-- Data for this task follows --

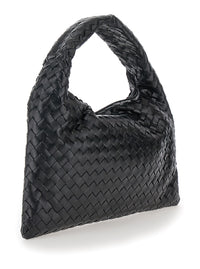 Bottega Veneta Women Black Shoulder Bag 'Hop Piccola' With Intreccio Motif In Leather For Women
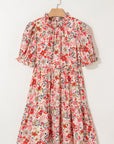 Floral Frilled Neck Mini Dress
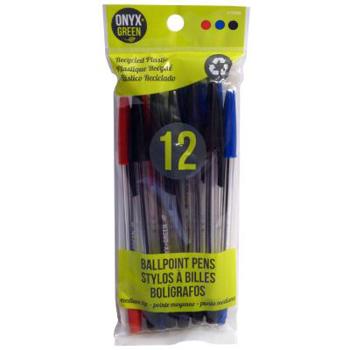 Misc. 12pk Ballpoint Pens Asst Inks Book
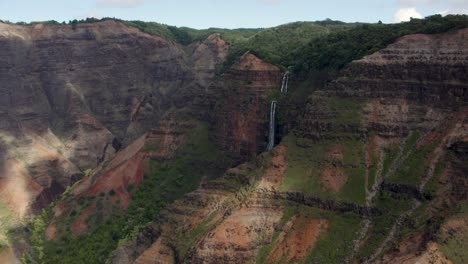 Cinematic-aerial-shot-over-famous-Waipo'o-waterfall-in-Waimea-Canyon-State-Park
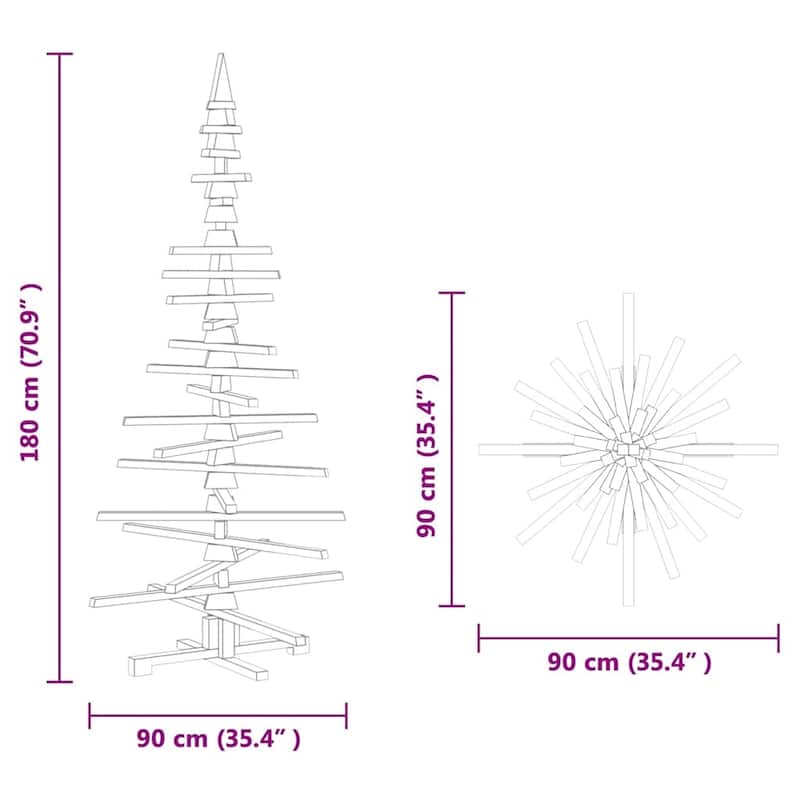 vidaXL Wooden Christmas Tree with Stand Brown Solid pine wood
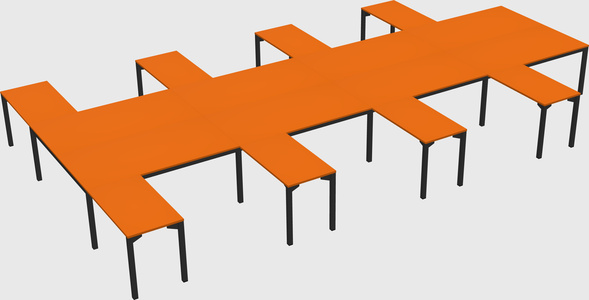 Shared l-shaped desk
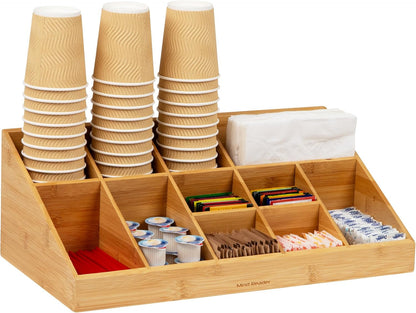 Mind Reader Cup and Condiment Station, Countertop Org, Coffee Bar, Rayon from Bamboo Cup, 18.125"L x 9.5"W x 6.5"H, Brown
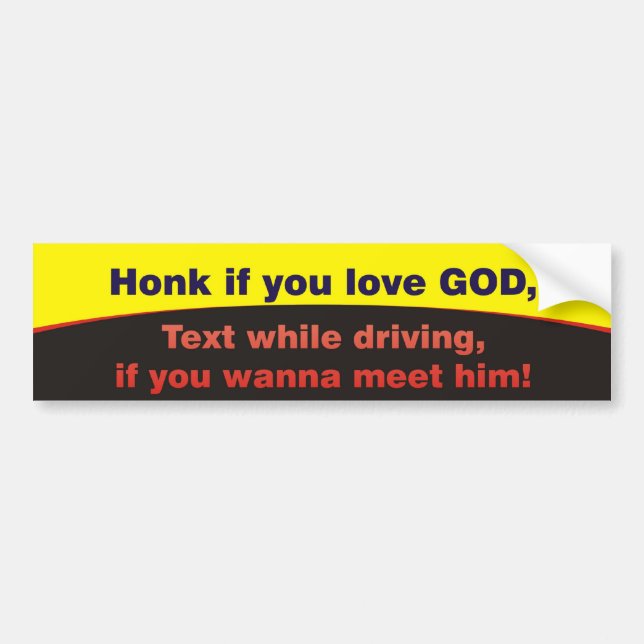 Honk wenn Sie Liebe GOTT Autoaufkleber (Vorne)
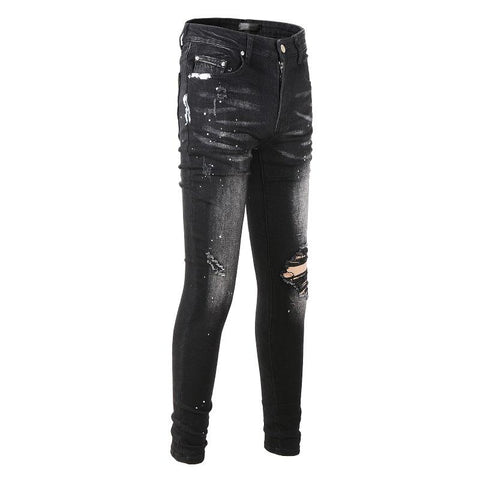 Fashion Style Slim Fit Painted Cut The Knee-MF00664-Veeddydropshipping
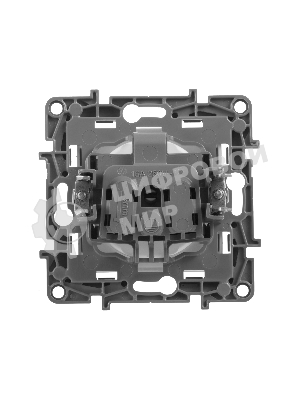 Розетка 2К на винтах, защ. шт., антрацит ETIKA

-- Data for this task concluded --

Write out the entries again, exactly as given, skipping any images.

Answer to this problem =
 Bottega Veneta Women Black Shoulder Bag 'Hop Piccola' With Intreccio Motif In Leather For Women
 Floral Frilled Neck Mini Dress
 Misc. 12pk Ballpoint Pens Asst Inks Book
 Cinematic-aerial-shot-over-famous-Waipo'o-waterfall-in-Waimea-Canyon-State-Park
 vidaXL Wooden Christmas Tree with Stand Brown Solid pine wood
 Shared l-shaped desk
 Mind Reader Cup and Condiment Station, Countertop Org, Coffee Bar, Rayon from Bamboo Cup, 18.125"L x 9.5"W x 6.5"H, Brown
 Honk wenn Sie Liebe GOTT Autoaufkleber (Vorne)
 Fashion Style Slim Fit Painted Cut The Knee-MF00664-Veeddydropshipping
 Розетка 2К на винтах, защ. шт., антрацит ETIKA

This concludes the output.